The first exoplanet detected using the Doppler method was discovered in 1995 orbiting the star 51 Pegasi, a G-type star like our Sun orbiting 50.6 light-years away. The discovery earned Swiss astronomers Michel Mayor and Didier Queloz the 2019 Nobel Prize in Physics. (The third winner that year was James Peebles, a pioneering theoretical cosmologist from Princeton University who influenced a whole generation.) The planet, now called Dimidium, is a “hot Jupiter” orbiting its star every 4.2 days. This means the giant planet is very close to its host star, making it very hot—hence the name hot Jupiter. Compare that to our Jupiter, which takes 12 years to orbit the Sun—or even Mercury, which takes three months.

This image shows an artist's impression of the 10 hot Jupiter exoplanets studied using the Hubble and Spitzer space telescopes.
This image shows an artist’s impression of the 10 hot Jupiter exoplanets studied using the Hubble and Spitzer space telescopes. via NASA

This discovery caused tremendous excitement in the astronomical community, not only for being the first exoplanet found using the Doppler method, but for forcing us to rethink what planetary systems look like.
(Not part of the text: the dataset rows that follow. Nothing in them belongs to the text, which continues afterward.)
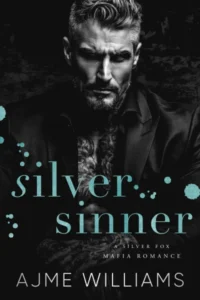 Silver Sinner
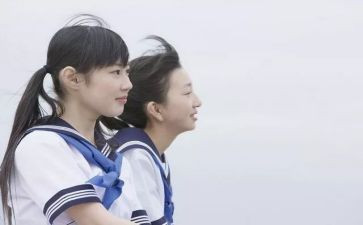 我的初中生活初中作文600字模板5篇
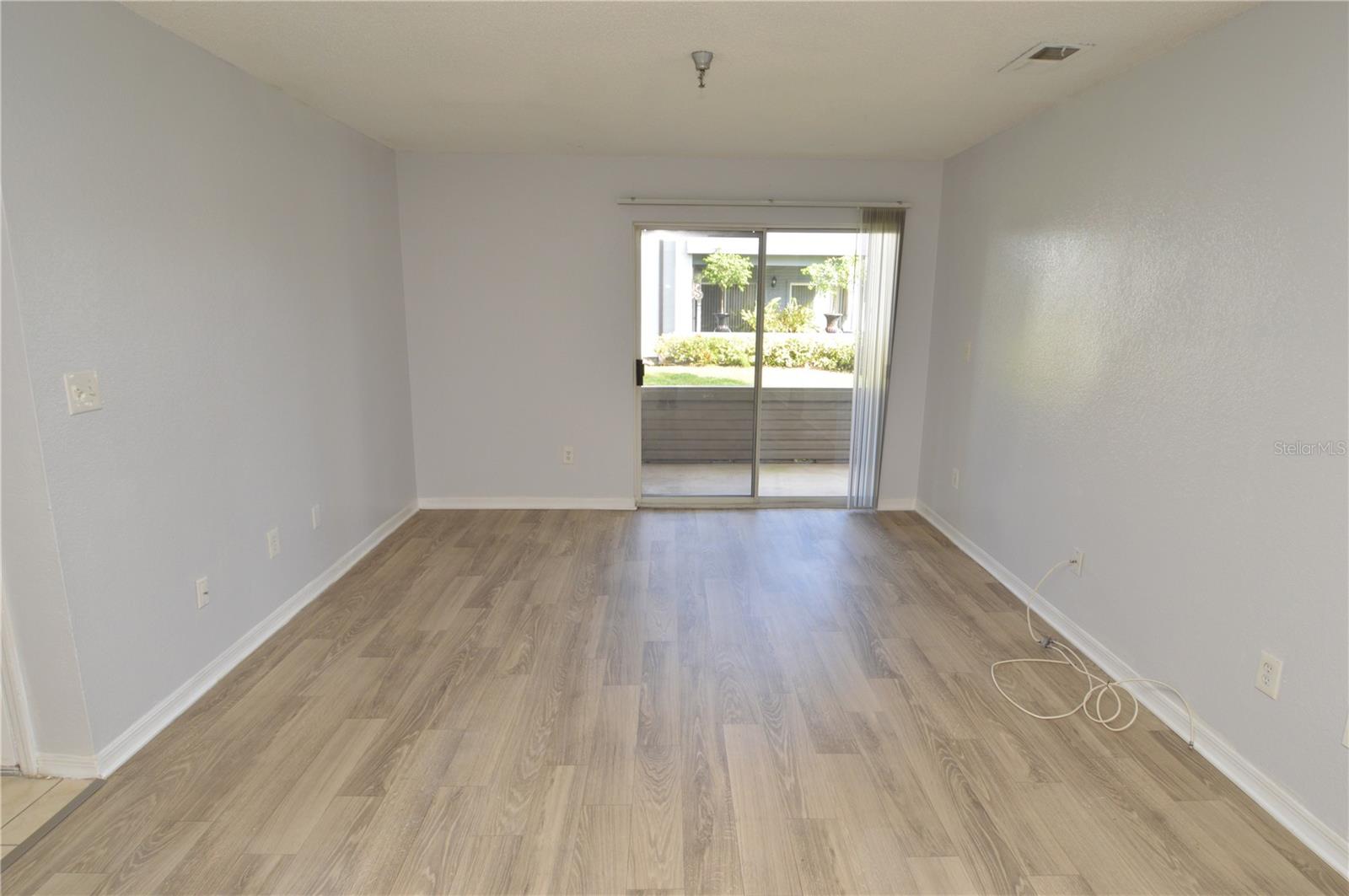 ITOPIA PRIVATE RESIDENCES CONDO - Residential Lease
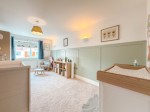 Images for Eaglescliffe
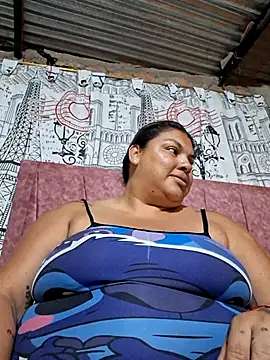 Snapshot of chubby_sexy_big_tits chatting on November 6, 2025, 12:44 am chubby sexy big tits online show from November 6, 2025, 12:44 am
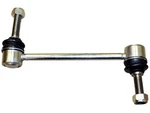Contitech 57TB26R Front Stabilizer Bar Link Fits 2008-2013 Mercedes GL550. Fixed Price $41.68.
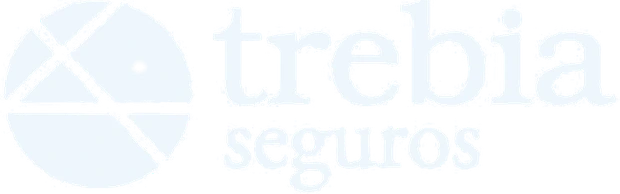 Trebia Seguros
No one would have guessed that gas giant planets could orbit this close to their host stars.

The lesson here is clear: We must be very careful using inductive thinking when trying to generalize properties of stars and their orbiting planets. The fact that our Solar System has the opposite structure, with giant gas planets orbiting the farthest from the Sun, shows the incredible diversity of planetary systems spread around our galaxy and, surely, all galaxies across the Universe.

A question that follows, then, is whether there are very stringent conditions for a planetary system to have planets with life. Surely, Dimidium is a dead world. How common, then, is our Solar System among billions of others? Estimates from 2010 indicate that around 10% of planetary systems are arranged like ours, with gas giants far from their host stars.

Still, we need more data to determine how odd our Solar System is. Current estimates place it as the rarest kind of planetary system in the galaxy, but it’s still early to quantify how rare. Further studying the architecture of planetary systems will reveal secrets of whether we are the odd system with heavy gas giants on the outside and life on one of the rocky planets on the inside.